- Work order -
Retype exactly the span of lines below from the one with "BÁN GẤP CĂN" through the one with "Подвесной светильник Lumina". Do not include pictures.

- Listed entries -
***
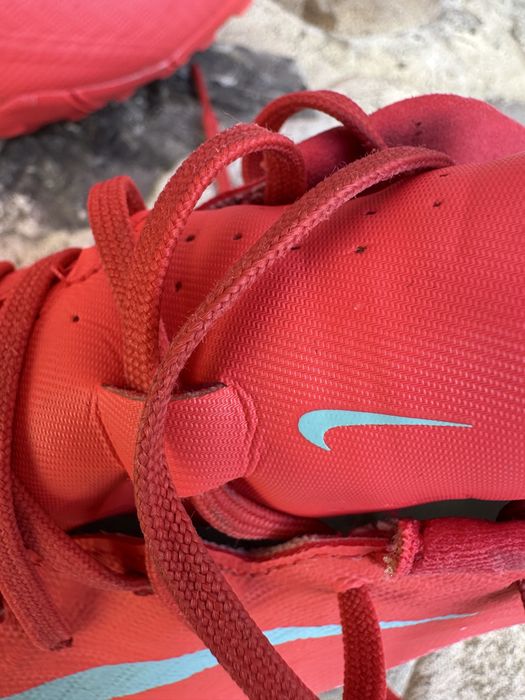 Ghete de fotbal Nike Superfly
***
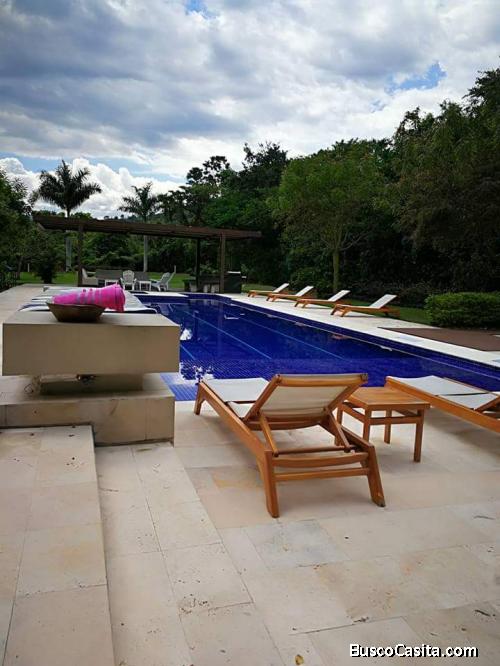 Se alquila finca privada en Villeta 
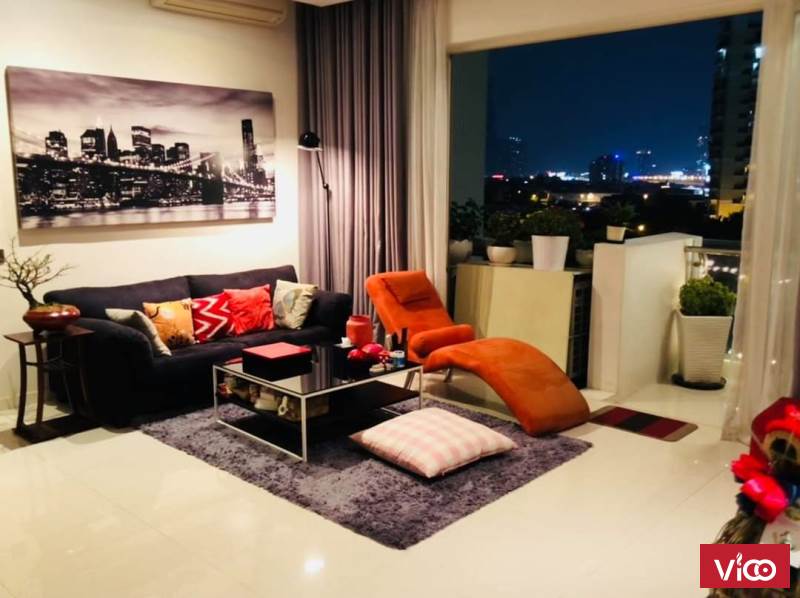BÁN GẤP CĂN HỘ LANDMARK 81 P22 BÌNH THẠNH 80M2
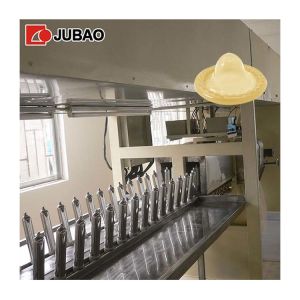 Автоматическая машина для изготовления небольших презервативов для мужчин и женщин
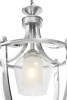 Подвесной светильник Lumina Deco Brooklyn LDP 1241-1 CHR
***
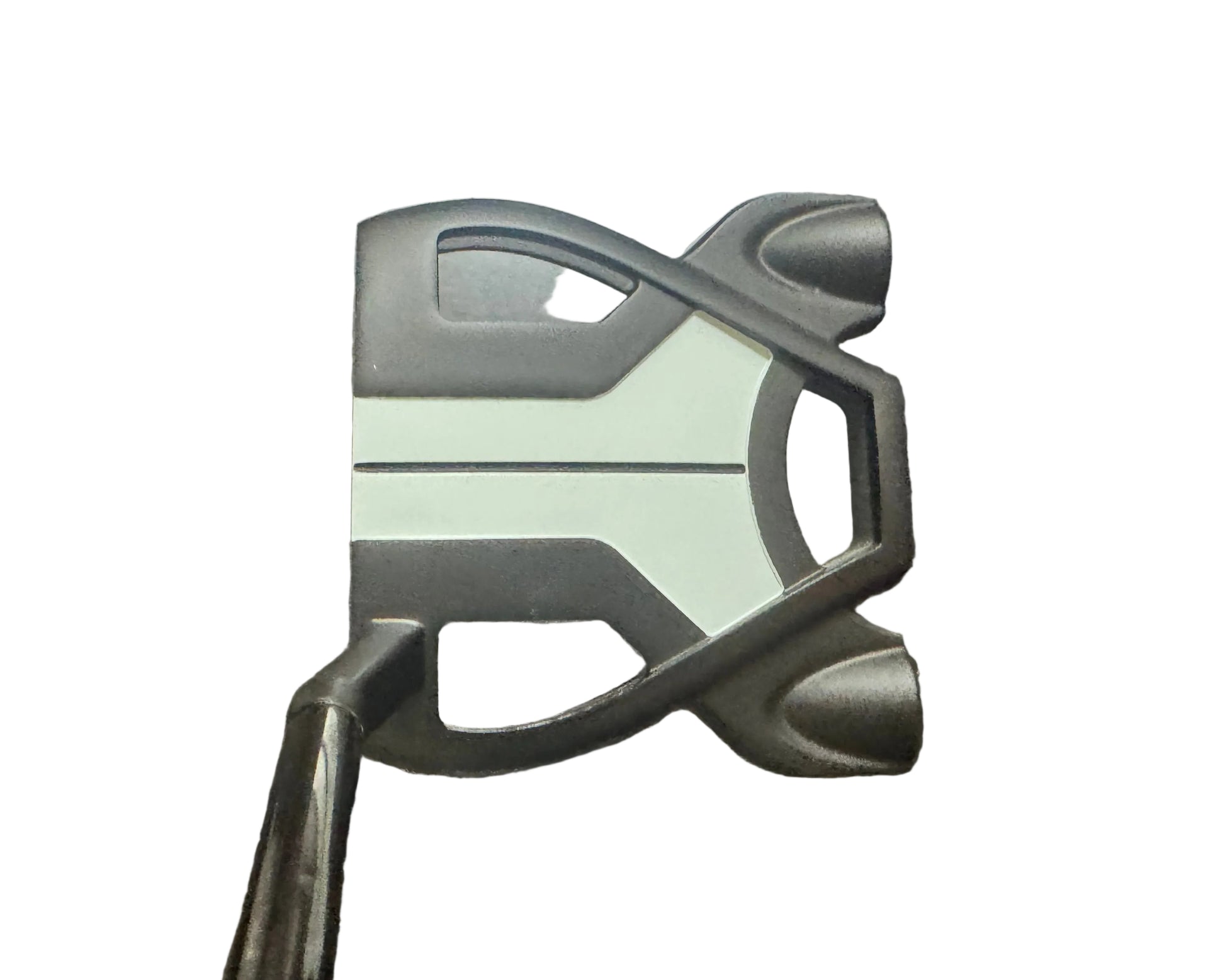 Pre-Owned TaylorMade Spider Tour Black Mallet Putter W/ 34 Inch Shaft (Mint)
***
- Task response -
BÁN GẤP CĂN HỘ LANDMARK 81 P22 BÌNH THẠNH 80M2
 Автоматическая машина для изготовления небольших презервативов для мужчин и женщин
 Подвесной светильник Lumina Deco Brooklyn LDP 1241-1 CHR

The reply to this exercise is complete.